Lee Konitz's "Subconscious Lee" is a flat-out swinger on which Gunther's bass clarinet is a focal point, as it is on Hoagy Carmichael's lyrical, easygoing "New Orleans," with solos by Piltzecker and Romaine on "Lee," Gunther, Piltzecker, Romaine and Teppa (arco) on "New Orleans." The leader features himself (with McKee) on Johnny Burke/Jimmy Van Heusen's exquisite standard, "It Could Happen to You," which leads to Keith Jarrett's meditative "In Your Quiet Place" (superb duo work midway by Piltzecker and Teppa, perceptive solo by Swindler on baritone) and Miles Davis/Victor Feldman's lively "Seven Steps to Heaven" (gently introduced by Piltzecker's mellow vibraphone) whose animated solos are by Swindler and Romaine.
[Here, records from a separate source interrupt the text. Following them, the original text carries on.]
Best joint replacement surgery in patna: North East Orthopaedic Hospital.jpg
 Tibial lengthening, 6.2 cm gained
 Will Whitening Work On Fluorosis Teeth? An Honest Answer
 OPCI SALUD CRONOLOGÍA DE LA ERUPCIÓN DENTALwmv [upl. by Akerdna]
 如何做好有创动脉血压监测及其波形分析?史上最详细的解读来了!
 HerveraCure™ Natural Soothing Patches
"Bus," the last of Piltzecker's originals, is a through-written twelve-tone set piece whose melody is fashioned by Leclair's bassoon and what sounds like a harpsichord, although none is listed, before reaching a mildly discordant climax. That is an outlier, one that in no way detracts from the album's over-all excellence (and in some ears may add to it). Piltzecker's trip from New York to Colorado, where he once served as director of the annual Aspen Jazz Festival, was more than worthwhile, as it has produced one of 2023's more inspired and pleasurable albums.